ReeL: A machine may still be able to mimic my work superficially, but I suspect there will still be a way to tell the difference. No matter what, machines are still limited to algorithms. That is a very specific and interesting limitation.

Q: OK, I have to admit I do not know much about algorithms, or even what they are, really. What is important here?

ReeL: Fair. We now know there are subtleties, and unexpected nuance. I’ll try to illustrate with a simpler problem: The problem of generating a random sequence. Technically, an algorithm cannot generate a random sequence.

Q: Why not?

ReeL: Almost by definition. If it did, the sequence would not be truly random. It would have a pattern, the pattern imposed by the algorithm. So as far as algorithms go, patterns are key. This is why my previous statements emphasized patterns and my requirement to paint free of algorithmic reproduction.

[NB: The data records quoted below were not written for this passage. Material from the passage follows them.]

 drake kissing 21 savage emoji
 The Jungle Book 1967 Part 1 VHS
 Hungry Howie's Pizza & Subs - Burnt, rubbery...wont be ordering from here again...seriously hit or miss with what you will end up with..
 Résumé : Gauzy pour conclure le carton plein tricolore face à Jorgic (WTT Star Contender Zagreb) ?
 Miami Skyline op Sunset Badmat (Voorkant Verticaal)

Q: So if no algorithm, no machine?

ReeL: No, not quite. The case of machines is more complex than the problem of agorithmic generation of random sequences. A machine can get a random sequence in other ways, for example, by detecting and recording a natural process that is known to be random, like the decay of an appropriate radio-isotope. You see, machines can detect and record, as well as calculate. This is part of their power to mimic. Machine mimicry goes beyond calculation, but generation is still limited to the realm of algorithms.

This is in part why Turing did not see the whole implications of artificial intelligence as we know it today. Turing was primarily interested in algorithms, calculation, and the kind of problems a very fast calculator could tackle, and the problems associated with constructing instruction sets, or what we today call “code” to direct those calculations. Turing did seem to have seen the possibility of the code itself being generated by a machine. So in that sense, he saw a crucial piece of the current situation.

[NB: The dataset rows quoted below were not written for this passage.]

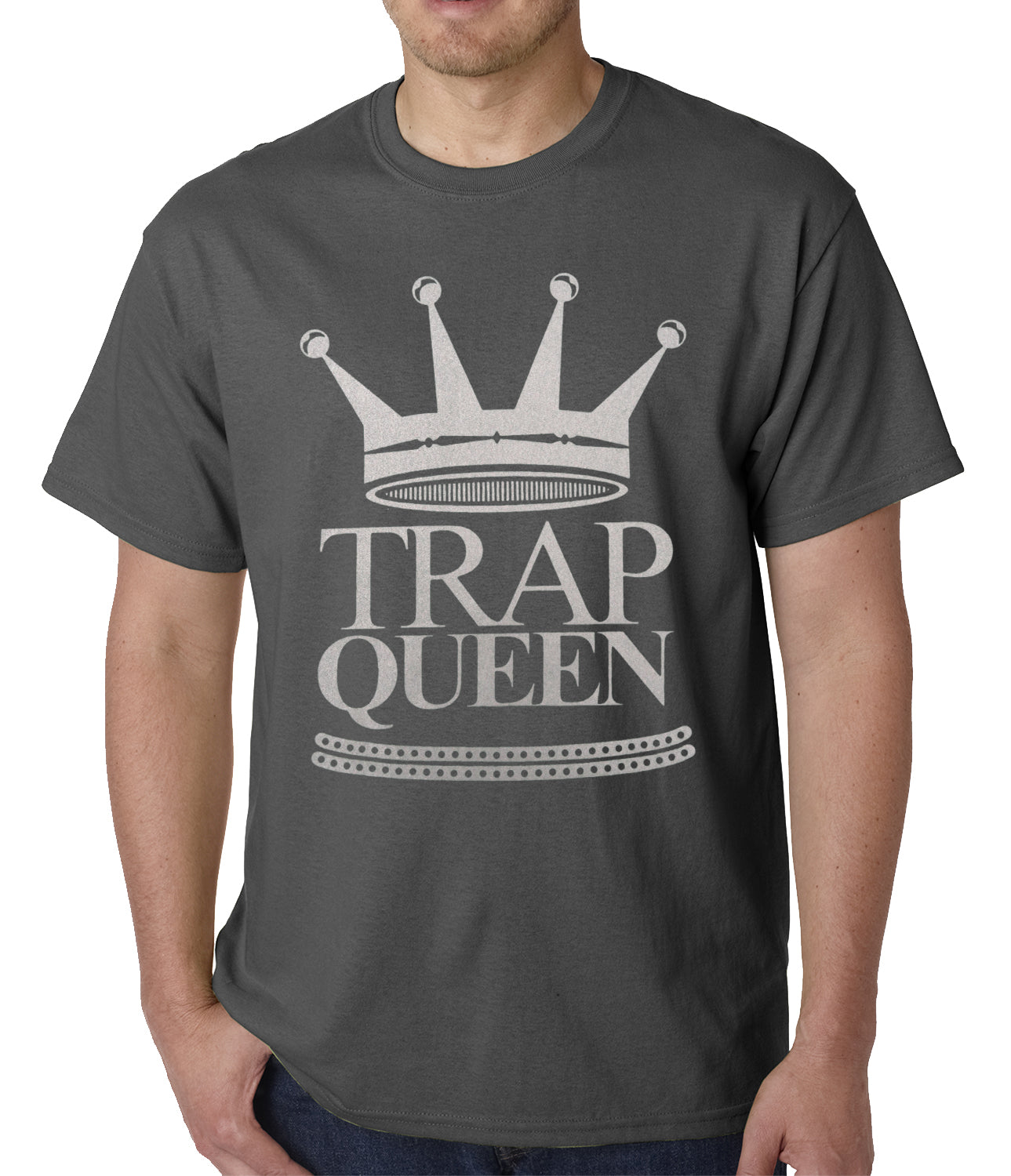 Trap Queen Full Silver Mens T-shirt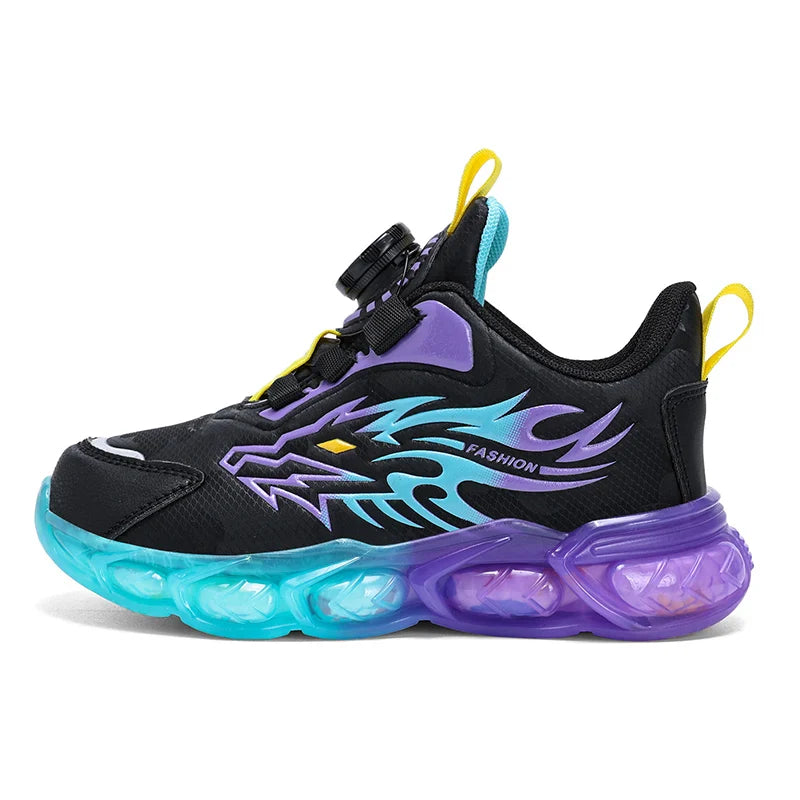 Fashion Children's Leather Casual Shoes For Boy Sneakers Breathable Kids School Walking Non-slip Sport Running Shoes Outdoor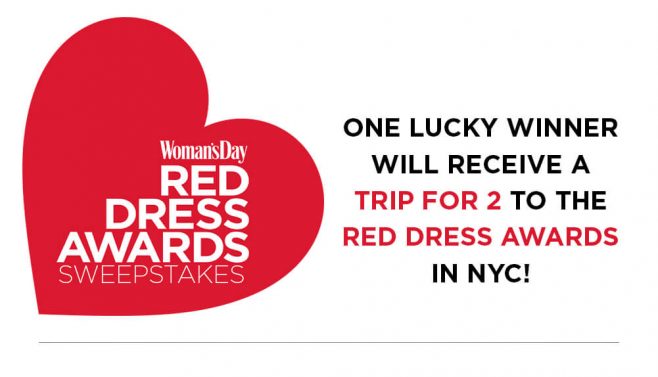 Woman’s Day 2017 Red Dress Awards Sweepstakes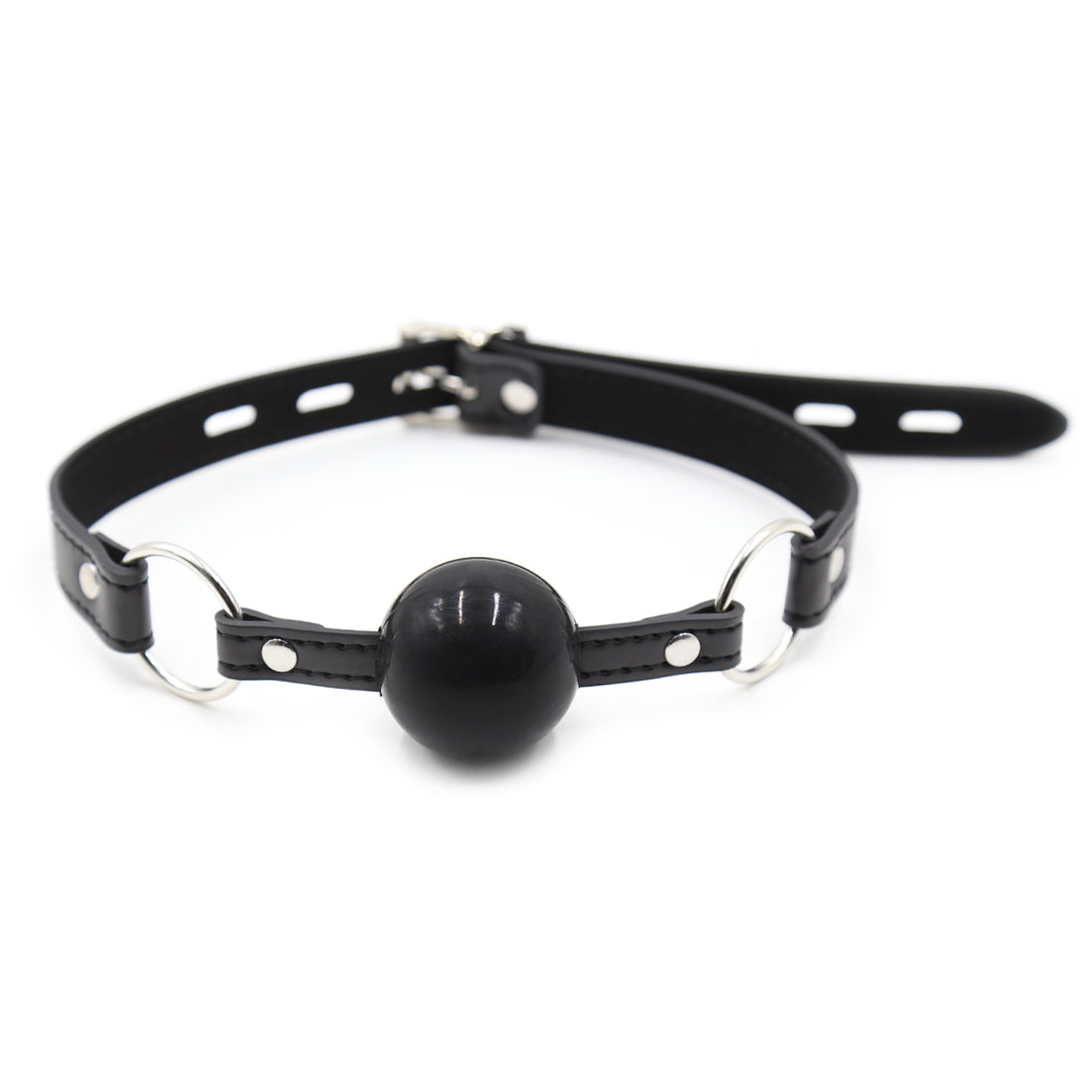 Small Leather Lock Fantasy BDSM Gag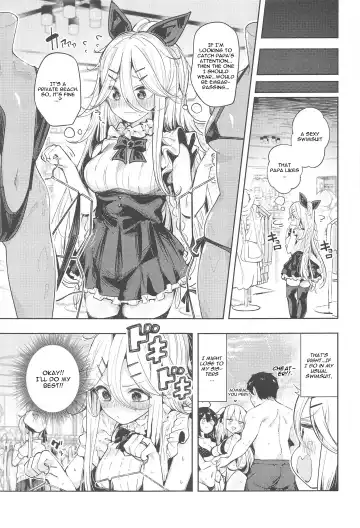 [Suzuki Toto] Yamakaze-chan to Private Beach de Yuuwaku Kozukuri Sex Fhentai - Page 4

Q: So the machine, since it can do things other than calculate, adds more complexity to the problem and Artificial Intelligence uses this full complexity and greater potential of the machine.

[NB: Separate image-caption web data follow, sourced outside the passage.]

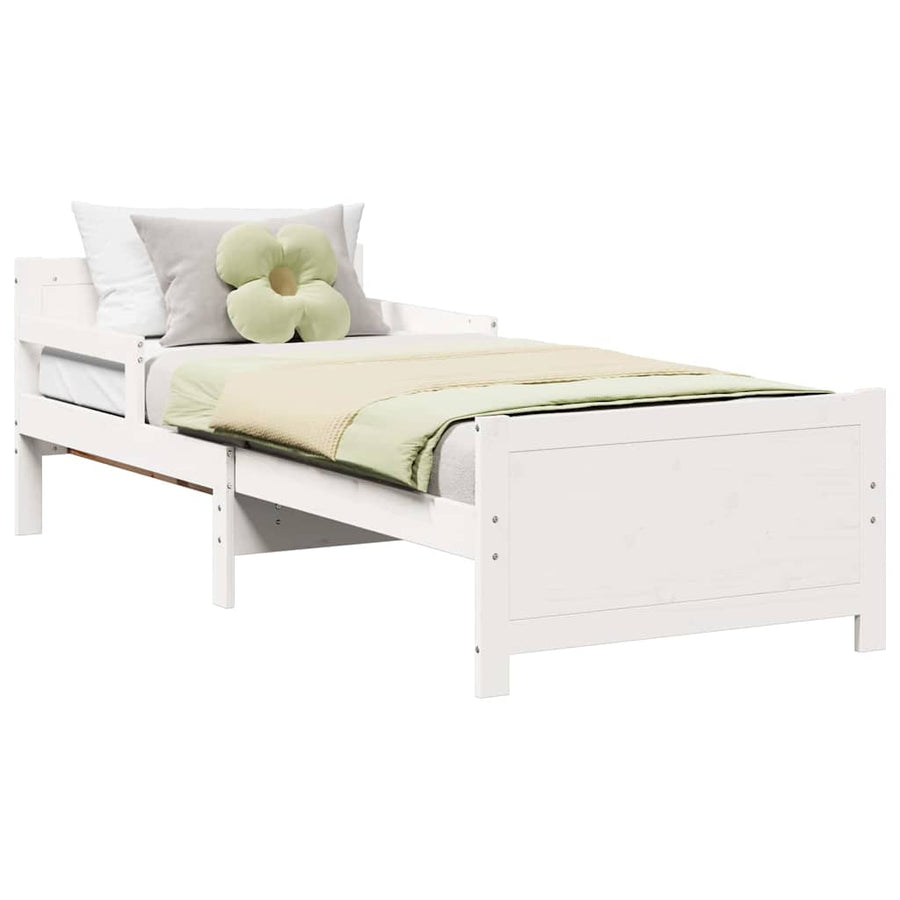 Uitbreidbaar Bedframe voor Kinderen Wit 80 x 130 / 165 / 200 cm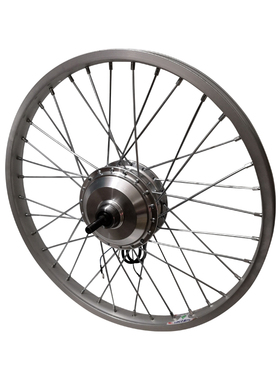 20 22 24寸电机总成36伏48V电动自行车60V锂电通用前驱后轮组马达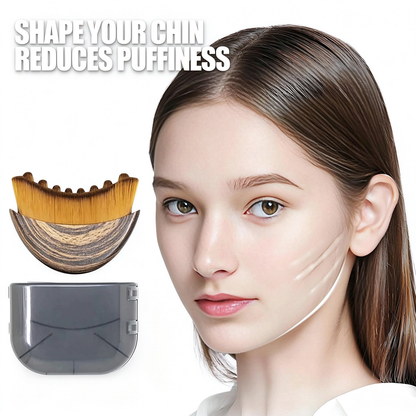 2Pack Lymphatic Contour Face Brush - Double Chin Reducer & Lymphatic Drainage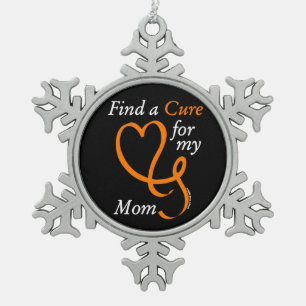 Zoek een kuur/hart/moeder...RSD/CRPS Tin Sneeuwvlok Ornament
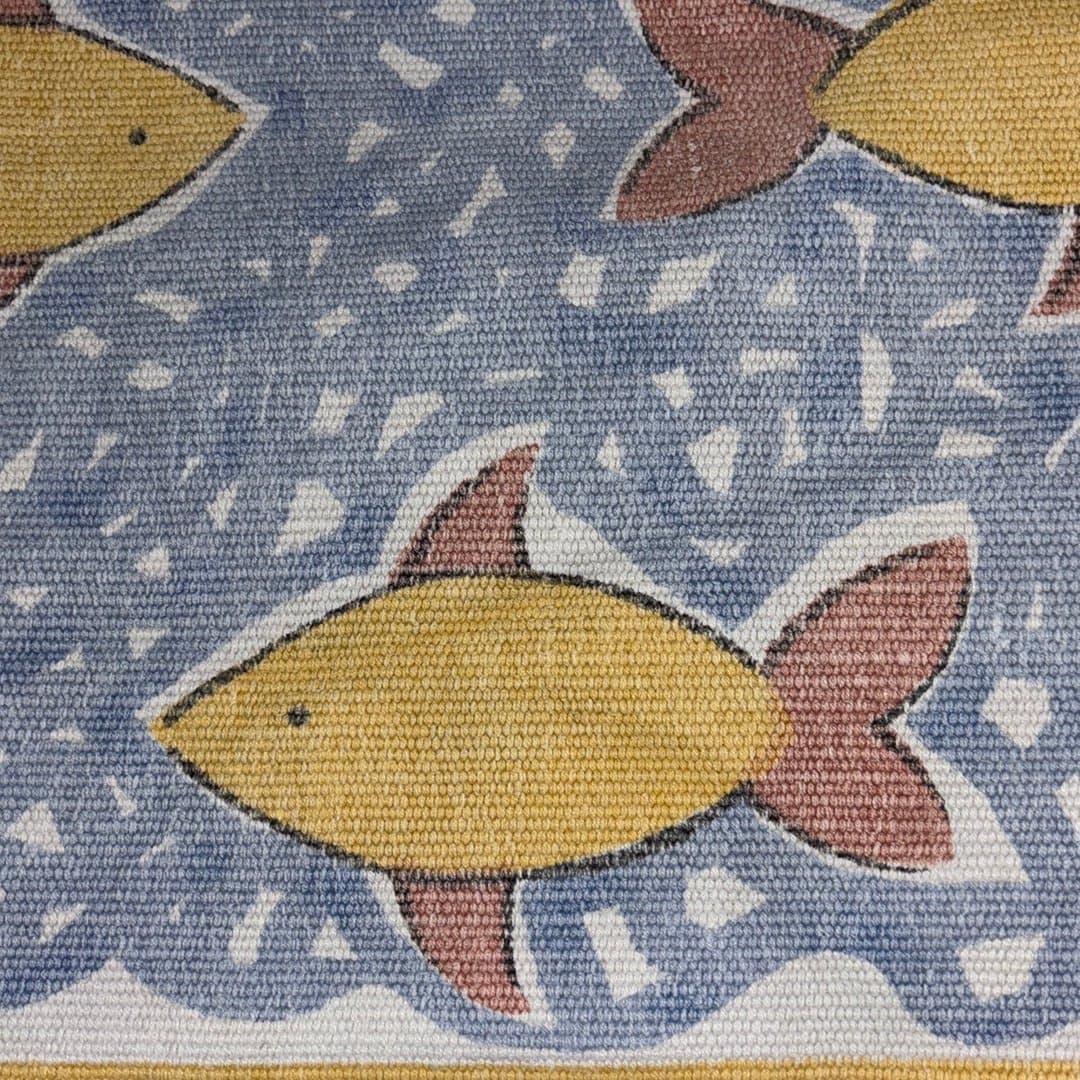 Matta med fiskmotiv badrumsmatta fransk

ReeL; Yes, essentially. The trans-algorithmic realm of machines adds new wrinkles.

Q: Are there other artists dealing with these issues?

ReeL: On one level, yes, all the time. For example, as far as the limitations of algorithms, this is an area that a lot of today’s musicians have more awareness of in terms of the arts. They may not think of it in the way I talk about it, but they experience its consequences all the time. For example, we still have music machines that use live recordings of real musical instruments as a basis for their synthesized sounds: it still is often better to digitize real phenomena, that is, detect and record, than to generate, that is, calculate from scratch algorithmically.

Ask a good music engineer about generating really good sounding synthetic percussion tracks. A lot of times they’ll manually alter the track just off the beat or the strict algorithm to make it sound more natural. There’s a whole art to it. In this case, people go out of their way to preserve the human mind behind the machine.

Q: Apart from all this, didn’t someone named Boole cover a lot of this much earlier? Hasn’t some of this stuff been around a long time? Since the nineteenth century?

ReeL: Yes, he basically invented Boolean algebra, or what he called the “mathematics of thought”. And Boole was aware of machines, such as Jaquard looms, that could work with instruction sets. Ironically, Boolean algebra, turned out in one sense to be far more important mathematically than he dreamed–it’s fundamental to understanding what is called Universal Algebra, that is, most other algebras at a certain abstract level–while as far as machines and electronics go, it turns out it is not quite as all-encompassing as he thought. Originally, it was thought that Boolean algebra could at least represent all electronic circuits. It turns out that is not so. There are relatively simple recursive circuits that cannot be represented by Boolean algebra, yet are relatively easy to construct physically. This was not discovered until much later, long after Boole. And recursivity is a big part of modern programming and Artificial Intelligence.